Attila, invase e saccheggiate le Gallie fino a Orléans, fu costretto a ritirarsi da questa città per l'arrivo di Ezio, e cercò di riguadagnare il Reno; ma lungo il percorso della ritirata, non prima di Châlons e non dopo il passaggio della foresta delle Argonne, si vide costretto a ingaggiare battaglia con l'esercito dei Visigoti e Romani, comandato da Ezio. I due opposti schieramenti, con direzione nord-sud, erano contenuti a nord da un colle e a sud da un ruscello scorrente in direzione est-ovest (v. cartina). Gli Unni, che costituivano la cavalleria armata di arco, occupavano il centro della loro schiera; alla loro ala destra erano i contingenti alleati minori; alla loro ala sinistra gli Ostrogoti con Valamiro e i Gepidi guidati da Ardarico. I Romani erano a occidente e avevano preso posizione sul colle, costituendo così l'ala sinistra del loro schieramento. Erano guidati da Ezìo e da Torrismondo, figlio di Teodorico, re dei Visigoti, che comandava l'ala destra. Al centro erano stati collocati gli Alani, di cui si temeva la defezione, circondati per precauzione dagli altri contingenti alleati fedeli. Attila, considerando che il nemico era forte alle ali, si propose di sfondare il centro; a tal fine occorreva che, mentre gli Unni compivano al centro il massimo sforzo, almeno una delle ali resistesse. Perciò Attila, prevedendo che la sua ala destra difficilmente avrebbe resistito ai Romani, rinforzò l'ala sinistra. Erano circa le tre del pomeriggio quando fu dato il segnale della battaglia. L'esito della battaglia fu deciso sull'imbrunire. Il piano di Attila era fallito perché, se anche il centro nemico aveva ceduto e l'ordinamento romano era rotto, l'ala sinistra unna che doveva resistere era stata invece costretta a retrocedere fin dentro l'accampamento. La cifra dei morti, quale è riferita dalle fonti, se è esagerata (si parla di 300.000 caduti!), testimonia peraltro l'accanimento col quale si combatté. La mattina seguente nel campo romano si tributarono solenni onoranze alla salma di Teodorico caduto nel combattimento, mentre Attila, chiuso nell'accampamento, attendeva gli eventuali assalti romani. Torrismondo voleva riattaccar battaglia per vendicare la morte del padre; ma, dissuaso da Ezio, che non intendeva fosse distrutta quella potenza unna che gli dava appiglio a inserirsi nelle cose delle Gallie, tornò nelle sue sedi.
Nessuno dei contendenti uscì nettamente sconfitto e nessuno poté dirsi vincitore.

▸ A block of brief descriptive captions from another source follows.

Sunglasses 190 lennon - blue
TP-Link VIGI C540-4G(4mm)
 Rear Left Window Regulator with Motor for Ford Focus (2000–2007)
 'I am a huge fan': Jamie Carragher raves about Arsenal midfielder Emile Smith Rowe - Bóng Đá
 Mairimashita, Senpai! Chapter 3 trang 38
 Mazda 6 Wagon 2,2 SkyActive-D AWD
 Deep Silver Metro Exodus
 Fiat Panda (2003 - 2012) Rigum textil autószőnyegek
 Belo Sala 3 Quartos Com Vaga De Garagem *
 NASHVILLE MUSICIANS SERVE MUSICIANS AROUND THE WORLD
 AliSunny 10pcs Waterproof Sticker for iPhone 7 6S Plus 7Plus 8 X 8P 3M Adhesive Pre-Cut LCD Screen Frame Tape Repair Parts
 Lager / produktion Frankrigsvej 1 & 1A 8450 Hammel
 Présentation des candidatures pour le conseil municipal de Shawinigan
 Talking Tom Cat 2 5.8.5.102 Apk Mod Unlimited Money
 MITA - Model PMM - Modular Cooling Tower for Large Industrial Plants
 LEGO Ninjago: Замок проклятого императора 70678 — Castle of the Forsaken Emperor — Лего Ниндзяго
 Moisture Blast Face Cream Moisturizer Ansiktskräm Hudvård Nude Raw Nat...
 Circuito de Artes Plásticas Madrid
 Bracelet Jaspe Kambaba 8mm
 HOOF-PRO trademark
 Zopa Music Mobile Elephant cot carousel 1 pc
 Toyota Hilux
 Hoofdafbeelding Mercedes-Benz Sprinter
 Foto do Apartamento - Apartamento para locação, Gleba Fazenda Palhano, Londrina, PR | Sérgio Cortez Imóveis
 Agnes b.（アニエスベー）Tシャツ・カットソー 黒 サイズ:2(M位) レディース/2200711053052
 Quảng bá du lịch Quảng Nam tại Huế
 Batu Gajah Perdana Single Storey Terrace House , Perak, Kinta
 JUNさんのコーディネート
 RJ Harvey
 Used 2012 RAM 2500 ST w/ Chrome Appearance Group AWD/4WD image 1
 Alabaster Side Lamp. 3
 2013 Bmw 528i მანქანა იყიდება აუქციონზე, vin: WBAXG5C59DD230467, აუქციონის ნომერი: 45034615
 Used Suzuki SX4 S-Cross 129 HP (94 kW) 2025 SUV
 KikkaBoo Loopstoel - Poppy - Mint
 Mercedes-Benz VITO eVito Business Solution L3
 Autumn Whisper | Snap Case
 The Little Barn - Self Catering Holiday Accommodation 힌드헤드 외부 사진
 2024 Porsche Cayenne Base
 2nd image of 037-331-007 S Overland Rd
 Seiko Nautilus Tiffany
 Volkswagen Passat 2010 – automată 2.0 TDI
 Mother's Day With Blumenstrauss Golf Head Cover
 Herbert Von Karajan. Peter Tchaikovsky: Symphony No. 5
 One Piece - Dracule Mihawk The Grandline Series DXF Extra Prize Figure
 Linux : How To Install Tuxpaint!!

Ezio infatti raggiunse il suo scopo, di abbassare la potenza d'Attila e affermare l'autorità dell'Impero romano nelle Gallie. I Visigoti anche raggiunsero il proprio scopo, ch'era quello di salvaguardare le loro sedi da invasioni di altri barbari, sia pure della loro stessa razza, come gli Ostrogoti. Attila poté arrestare gl'inseguitori e salvarsi la ritirata, che erano le sole ragioni per cui aveva accettato la battaglia.
Bibl.: H. d'Arbois de Jubainville, in Bibl. de l'École des chartes, s. 5ª, I (1860), pp. 370-373; XXXI (1870), pp. 211-216; A. de Barthélemy, in Rev. des quest. hist., VIII (1870), pp. 211-216; A. de Barthélemy, in Rev. des quest. hist., VIII (1870), pp. 337-404; A. Longnon, Géogr. de la Gaule au VI siècle, Parigi 1878, pp. 334-340; Girard, in Revue hist., XXVIII (1885), pp. 321-331; E. Andreoli, in Historia, I (1927); A. Solari, Gli Unni e Attila, Pisa 1916.